Vulnerability and Helplessness are attributes not normally associated with the role of a Chief Executive. Perhaps they should be…
My client, the CEO of a national charity, was becoming increasingly worn down by a situation that was fraying her nerves and making her feel weak and inadequate:
I was getting more and more frustrated and anxious with our new financial manager and the procedures that he had been imposing on our accounting practices. Although I had instigated the changes for the benefit of the charity, the new regime was making it impossible to do the things that had previously seemed simple.

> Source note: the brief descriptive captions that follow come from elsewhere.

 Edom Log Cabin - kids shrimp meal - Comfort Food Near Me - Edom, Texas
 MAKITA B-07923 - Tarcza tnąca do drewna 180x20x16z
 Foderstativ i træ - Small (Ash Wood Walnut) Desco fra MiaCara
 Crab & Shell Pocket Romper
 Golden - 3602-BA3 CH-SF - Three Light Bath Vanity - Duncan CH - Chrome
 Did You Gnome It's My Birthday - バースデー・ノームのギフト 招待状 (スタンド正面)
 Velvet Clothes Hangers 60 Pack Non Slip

The relationship was becoming very tense.
The CEO was becoming a victim of her own decisions and it was having a profound impact on her self-image:
She was beginning to feel like a failure and simply did not know what to do…
Not able to mask my distress any further, I admitted to the manager that I was on the defensive and felt helpless and frustrated – the exact opposite of how I thought a CEO should feel under any circumstances.

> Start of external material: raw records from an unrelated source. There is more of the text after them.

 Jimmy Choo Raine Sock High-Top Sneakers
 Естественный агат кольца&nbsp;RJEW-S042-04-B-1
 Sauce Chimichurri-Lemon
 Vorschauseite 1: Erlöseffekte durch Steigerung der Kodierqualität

In admitting her vulnerability, she was doing the reverse of what a Strong Leader is supposed to.
To my surprise, the manager confessed to being over-zealous and digging in his heels. The relief was tangible and energising. It led to immediate solutions to the problems.
For me, this illustrates 3 powerful truths:
- All leaders – and that is anyone with any degree of responsibility – will feel this fragility and impotence on occasion. The external demeanour is not always a guide to the inner experience.
- Admitting the reality, however negative it is, can release the positive energy needed to deal with it.
- Admitting weakness can be a strength.